WORK TO BE COMPLETED:
Each entry below is to be duplicated precisely.

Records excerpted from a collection
************
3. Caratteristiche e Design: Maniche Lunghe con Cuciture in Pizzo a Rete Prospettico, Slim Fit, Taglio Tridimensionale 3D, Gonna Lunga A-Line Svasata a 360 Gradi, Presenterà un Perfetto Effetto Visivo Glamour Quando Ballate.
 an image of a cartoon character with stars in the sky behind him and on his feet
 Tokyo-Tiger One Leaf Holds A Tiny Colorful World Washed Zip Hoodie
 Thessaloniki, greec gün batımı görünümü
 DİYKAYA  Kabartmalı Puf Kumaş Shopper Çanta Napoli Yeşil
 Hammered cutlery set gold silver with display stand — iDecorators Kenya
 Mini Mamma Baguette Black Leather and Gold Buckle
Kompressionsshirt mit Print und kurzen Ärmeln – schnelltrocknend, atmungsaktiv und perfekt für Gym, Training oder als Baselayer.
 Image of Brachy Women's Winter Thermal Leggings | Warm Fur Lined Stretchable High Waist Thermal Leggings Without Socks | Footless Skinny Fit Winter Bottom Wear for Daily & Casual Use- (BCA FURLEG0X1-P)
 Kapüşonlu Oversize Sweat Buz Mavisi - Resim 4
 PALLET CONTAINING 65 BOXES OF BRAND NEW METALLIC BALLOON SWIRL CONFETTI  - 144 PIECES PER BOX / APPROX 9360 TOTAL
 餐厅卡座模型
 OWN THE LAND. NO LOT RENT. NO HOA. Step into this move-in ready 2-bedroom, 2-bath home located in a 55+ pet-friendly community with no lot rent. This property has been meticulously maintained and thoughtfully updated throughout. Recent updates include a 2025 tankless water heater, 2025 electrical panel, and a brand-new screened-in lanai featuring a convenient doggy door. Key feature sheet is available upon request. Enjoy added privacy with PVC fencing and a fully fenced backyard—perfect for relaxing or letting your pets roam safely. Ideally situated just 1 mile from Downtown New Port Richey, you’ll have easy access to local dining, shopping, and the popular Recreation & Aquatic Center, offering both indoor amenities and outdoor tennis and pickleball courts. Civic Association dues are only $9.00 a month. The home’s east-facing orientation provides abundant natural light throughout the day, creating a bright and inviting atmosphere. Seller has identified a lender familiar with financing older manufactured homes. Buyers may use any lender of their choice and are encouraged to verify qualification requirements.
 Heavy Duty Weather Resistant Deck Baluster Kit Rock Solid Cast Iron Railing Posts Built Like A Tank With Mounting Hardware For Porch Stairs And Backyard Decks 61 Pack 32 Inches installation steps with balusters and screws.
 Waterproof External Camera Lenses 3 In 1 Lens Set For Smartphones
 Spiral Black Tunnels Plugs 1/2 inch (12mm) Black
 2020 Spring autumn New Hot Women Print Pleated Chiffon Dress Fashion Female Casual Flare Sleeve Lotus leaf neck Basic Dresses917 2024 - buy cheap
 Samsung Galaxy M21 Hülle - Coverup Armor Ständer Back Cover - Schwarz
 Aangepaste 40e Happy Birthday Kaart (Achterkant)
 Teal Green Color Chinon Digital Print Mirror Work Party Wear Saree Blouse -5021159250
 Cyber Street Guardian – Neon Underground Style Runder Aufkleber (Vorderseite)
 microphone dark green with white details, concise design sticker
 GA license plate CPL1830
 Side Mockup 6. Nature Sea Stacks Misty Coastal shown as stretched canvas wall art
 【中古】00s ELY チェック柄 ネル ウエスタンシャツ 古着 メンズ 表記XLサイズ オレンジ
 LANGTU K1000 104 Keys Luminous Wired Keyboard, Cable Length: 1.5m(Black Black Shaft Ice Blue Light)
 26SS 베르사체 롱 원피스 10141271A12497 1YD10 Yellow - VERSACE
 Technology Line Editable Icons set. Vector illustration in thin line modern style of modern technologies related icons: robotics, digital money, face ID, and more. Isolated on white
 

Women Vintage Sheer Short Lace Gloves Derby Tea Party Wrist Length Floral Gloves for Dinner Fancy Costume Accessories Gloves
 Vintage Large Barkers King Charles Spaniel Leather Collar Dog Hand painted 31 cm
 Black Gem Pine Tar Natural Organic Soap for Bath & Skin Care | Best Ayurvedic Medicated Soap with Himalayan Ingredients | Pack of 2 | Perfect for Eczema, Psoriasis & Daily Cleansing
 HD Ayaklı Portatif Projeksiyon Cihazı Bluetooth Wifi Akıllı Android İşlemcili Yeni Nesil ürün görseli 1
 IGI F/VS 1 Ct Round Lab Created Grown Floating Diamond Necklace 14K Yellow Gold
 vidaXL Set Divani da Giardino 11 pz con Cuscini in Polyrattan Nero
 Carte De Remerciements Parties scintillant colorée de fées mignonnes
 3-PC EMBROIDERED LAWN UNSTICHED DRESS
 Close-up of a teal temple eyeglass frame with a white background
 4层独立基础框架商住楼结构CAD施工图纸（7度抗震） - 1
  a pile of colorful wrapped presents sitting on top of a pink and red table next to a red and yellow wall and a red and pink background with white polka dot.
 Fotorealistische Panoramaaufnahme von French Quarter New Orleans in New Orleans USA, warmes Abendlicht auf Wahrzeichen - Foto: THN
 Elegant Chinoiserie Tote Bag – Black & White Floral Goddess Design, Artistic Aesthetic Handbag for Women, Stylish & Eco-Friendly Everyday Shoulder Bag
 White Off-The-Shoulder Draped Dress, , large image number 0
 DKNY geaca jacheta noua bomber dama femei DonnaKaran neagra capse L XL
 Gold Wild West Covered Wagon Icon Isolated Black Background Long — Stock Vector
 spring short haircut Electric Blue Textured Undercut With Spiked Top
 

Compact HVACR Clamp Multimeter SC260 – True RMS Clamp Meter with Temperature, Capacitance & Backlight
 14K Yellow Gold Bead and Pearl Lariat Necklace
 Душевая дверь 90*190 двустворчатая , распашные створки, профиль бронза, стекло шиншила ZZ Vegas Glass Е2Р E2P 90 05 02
************
RESPONSE TO THIS TASK:
3. Caratteristiche e Design: Maniche Lunghe con Cuciture in Pizzo a Rete Prospettico, Slim Fit, Taglio Tridimensionale 3D, Gonna Lunga A-Line Svasata a 360 Gradi, Presenterà un Perfetto Effetto Visivo Glamour Quando Ballate.
 an image of a cartoon character with stars in the sky behind him and on his feet
 Tokyo-Tiger One Leaf Holds A Tiny Colorful World Washed Zip Hoodie
 Thessaloniki, greec gün batımı görünümü
 DİYKAYA  Kabartmalı Puf Kumaş Shopper Çanta Napoli Yeşil
 Hammered cutlery set gold silver with display stand — iDecorators Kenya
 Mini Mamma Baguette Black Leather and Gold Buckle
Kompressionsshirt mit Print und kurzen Ärmeln – schnelltrocknend, atmungsaktiv und perfekt für Gym, Training oder als Baselayer.
 Image of Brachy Women's Winter Thermal Leggings | Warm Fur Lined Stretchable High Waist Thermal Leggings Without Socks | Footless Skinny Fit Winter Bottom Wear for Daily & Casual Use- (BCA FURLEG0X1-P)
 Kapüşonlu Oversize Sweat Buz Mavisi - Resim 4
 PALLET CONTAINING 65 BOXES OF BRAND NEW METALLIC BALLOON SWIRL CONFETTI  - 144 PIECES PER BOX / APPROX 9360 TOTAL
 餐厅卡座模型
 OWN THE LAND. NO LOT RENT. NO HOA. Step into this move-in ready 2-bedroom, 2-bath home located in a 55+ pet-friendly community with no lot rent. This property has been meticulously maintained and thoughtfully updated throughout. Recent updates include a 2025 tankless water heater, 2025 electrical panel, and a brand-new screened-in lanai featuring a convenient doggy door. Key feature sheet is available upon request. Enjoy added privacy with PVC fencing and a fully fenced backyard—perfect for relaxing or letting your pets roam safely. Ideally situated just 1 mile from Downtown New Port Richey, you’ll have easy access to local dining, shopping, and the popular Recreation & Aquatic Center, offering both indoor amenities and outdoor tennis and pickleball courts. Civic Association dues are only $9.00 a month. The home’s east-facing orientation provides abundant natural light throughout the day, creating a bright and inviting atmosphere. Seller has identified a lender familiar with financing older manufactured homes. Buyers may use any lender of their choice and are encouraged to verify qualification requirements.
 Heavy Duty Weather Resistant Deck Baluster Kit Rock Solid Cast Iron Railing Posts Built Like A Tank With Mounting Hardware For Porch Stairs And Backyard Decks 61 Pack 32 Inches installation steps with balusters and screws.
 Waterproof External Camera Lenses 3 In 1 Lens Set For Smartphones
 Spiral Black Tunnels Plugs 1/2 inch (12mm) Black
 2020 Spring autumn New Hot Women Print Pleated Chiffon Dress Fashion Female Casual Flare Sleeve Lotus leaf neck Basic Dresses917 2024 - buy cheap
 Samsung Galaxy M21 Hülle - Coverup Armor Ständer Back Cover - Schwarz
 Aangepaste 40e Happy Birthday Kaart (Achterkant)
 Teal Green Color Chinon Digital Print Mirror Work Party Wear Saree Blouse -5021159250
 Cyber Street Guardian – Neon Underground Style Runder Aufkleber (Vorderseite)
 microphone dark green with white details, concise design sticker
 GA license plate CPL1830
 Side Mockup 6. Nature Sea Stacks Misty Coastal shown as stretched canvas wall art
 【中古】00s ELY チェック柄 ネル ウエスタンシャツ 古着 メンズ 表記XLサイズ オレンジ
 LANGTU K1000 104 Keys Luminous Wired Keyboard, Cable Length: 1.5m(Black Black Shaft Ice Blue Light)
 26SS 베르사체 롱 원피스 10141271A12497 1YD10 Yellow - VERSACE
 Technology Line Editable Icons set. Vector illustration in thin line modern style of modern technologies related icons: robotics, digital money, face ID, and more. Isolated on white
 

Women Vintage Sheer Short Lace Gloves Derby Tea Party Wrist Length Floral Gloves for Dinner Fancy Costume Accessories Gloves
 Vintage Large Barkers King Charles Spaniel Leather Collar Dog Hand painted 31 cm
 Black Gem Pine Tar Natural Organic Soap for Bath & Skin Care | Best Ayurvedic Medicated Soap with Himalayan Ingredients | Pack of 2 | Perfect for Eczema, Psoriasis & Daily Cleansing
 HD Ayaklı Portatif Projeksiyon Cihazı Bluetooth Wifi Akıllı Android İşlemcili Yeni Nesil ürün görseli 1
 IGI F/VS 1 Ct Round Lab Created Grown Floating Diamond Necklace 14K Yellow Gold
 vidaXL Set Divani da Giardino 11 pz con Cuscini in Polyrattan Nero
 Carte De Remerciements Parties scintillant colorée de fées mignonnes
 3-PC EMBROIDERED LAWN UNSTICHED DRESS
 Close-up of a teal temple eyeglass frame with a white background
 4层独立基础框架商住楼结构CAD施工图纸（7度抗震） - 1
  a pile of colorful wrapped presents sitting on top of a pink and red table next to a red and yellow wall and a red and pink background with white polka dot.
 Fotorealistische Panoramaaufnahme von French Quarter New Orleans in New Orleans USA, warmes Abendlicht auf Wahrzeichen - Foto: THN
 Elegant Chinoiserie Tote Bag – Black & White Floral Goddess Design, Artistic Aesthetic Handbag for Women, Stylish & Eco-Friendly Everyday Shoulder Bag
 White Off-The-Shoulder Draped Dress, , large image number 0
 DKNY geaca jacheta noua bomber dama femei DonnaKaran neagra capse L XL
 Gold Wild West Covered Wagon Icon Isolated Black Background Long — Stock Vector
 spring short haircut Electric Blue Textured Undercut With Spiked Top
 

Compact HVACR Clamp Multimeter SC260 – True RMS Clamp Meter with Temperature, Capacitance & Backlight
 14K Yellow Gold Bead and Pearl Lariat Necklace
 Душевая дверь 90*190 двустворчатая , распашные створки, профиль бронза, стекло шиншила ZZ Vegas Glass Е2Р E2P 90 05 02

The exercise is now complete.